Top of RECORDS FOR THIS TASK

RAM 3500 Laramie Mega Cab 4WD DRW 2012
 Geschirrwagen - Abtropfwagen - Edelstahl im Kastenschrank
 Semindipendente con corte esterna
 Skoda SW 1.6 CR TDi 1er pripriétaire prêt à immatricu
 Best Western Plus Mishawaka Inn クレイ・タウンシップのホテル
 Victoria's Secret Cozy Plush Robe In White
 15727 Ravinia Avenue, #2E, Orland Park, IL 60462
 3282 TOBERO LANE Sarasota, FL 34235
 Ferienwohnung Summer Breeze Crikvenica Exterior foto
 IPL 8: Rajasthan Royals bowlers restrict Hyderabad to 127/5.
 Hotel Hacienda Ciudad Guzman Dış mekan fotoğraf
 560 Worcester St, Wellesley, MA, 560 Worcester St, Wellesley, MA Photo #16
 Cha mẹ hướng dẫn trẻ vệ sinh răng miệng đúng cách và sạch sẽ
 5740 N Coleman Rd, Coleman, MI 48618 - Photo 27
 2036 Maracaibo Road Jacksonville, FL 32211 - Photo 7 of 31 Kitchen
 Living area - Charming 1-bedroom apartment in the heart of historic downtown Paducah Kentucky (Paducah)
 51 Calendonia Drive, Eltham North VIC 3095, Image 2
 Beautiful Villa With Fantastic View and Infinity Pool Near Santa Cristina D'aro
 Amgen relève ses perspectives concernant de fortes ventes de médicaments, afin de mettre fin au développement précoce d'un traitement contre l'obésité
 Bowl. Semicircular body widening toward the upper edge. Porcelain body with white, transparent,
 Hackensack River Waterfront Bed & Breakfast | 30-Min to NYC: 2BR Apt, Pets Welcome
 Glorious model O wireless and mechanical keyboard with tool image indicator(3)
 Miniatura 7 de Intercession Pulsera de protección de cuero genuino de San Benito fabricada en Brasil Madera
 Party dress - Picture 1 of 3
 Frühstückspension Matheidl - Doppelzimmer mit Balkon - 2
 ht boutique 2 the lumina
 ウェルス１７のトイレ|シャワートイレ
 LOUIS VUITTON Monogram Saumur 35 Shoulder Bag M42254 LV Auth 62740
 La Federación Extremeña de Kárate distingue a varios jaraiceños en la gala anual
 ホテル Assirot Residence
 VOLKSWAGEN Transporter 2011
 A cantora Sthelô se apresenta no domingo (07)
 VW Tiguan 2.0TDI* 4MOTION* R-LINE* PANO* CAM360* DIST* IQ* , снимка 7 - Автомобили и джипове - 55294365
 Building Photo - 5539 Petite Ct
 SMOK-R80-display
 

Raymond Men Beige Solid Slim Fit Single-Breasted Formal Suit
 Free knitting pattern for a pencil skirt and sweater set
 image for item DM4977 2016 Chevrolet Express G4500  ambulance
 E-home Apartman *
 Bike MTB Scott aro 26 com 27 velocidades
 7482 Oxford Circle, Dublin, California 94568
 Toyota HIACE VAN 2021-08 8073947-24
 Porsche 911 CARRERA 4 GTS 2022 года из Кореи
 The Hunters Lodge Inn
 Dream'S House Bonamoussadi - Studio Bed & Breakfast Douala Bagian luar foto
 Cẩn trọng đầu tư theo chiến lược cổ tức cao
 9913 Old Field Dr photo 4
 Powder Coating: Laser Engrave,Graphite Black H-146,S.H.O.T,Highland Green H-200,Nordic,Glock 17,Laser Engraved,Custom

Bottom of RECORDS FOR THIS TASK

__ASSIGNED TASK__
Show the lines of the data that hold the word "Breakfast".

__SOLVED PROBLEM__
 Hackensack River Waterfront Bed & Breakfast | 30-Min to NYC: 2BR Apt, Pets Welcome
 Dream'S House Bonamoussadi - Studio Bed & Breakfast Douala Bagian luar foto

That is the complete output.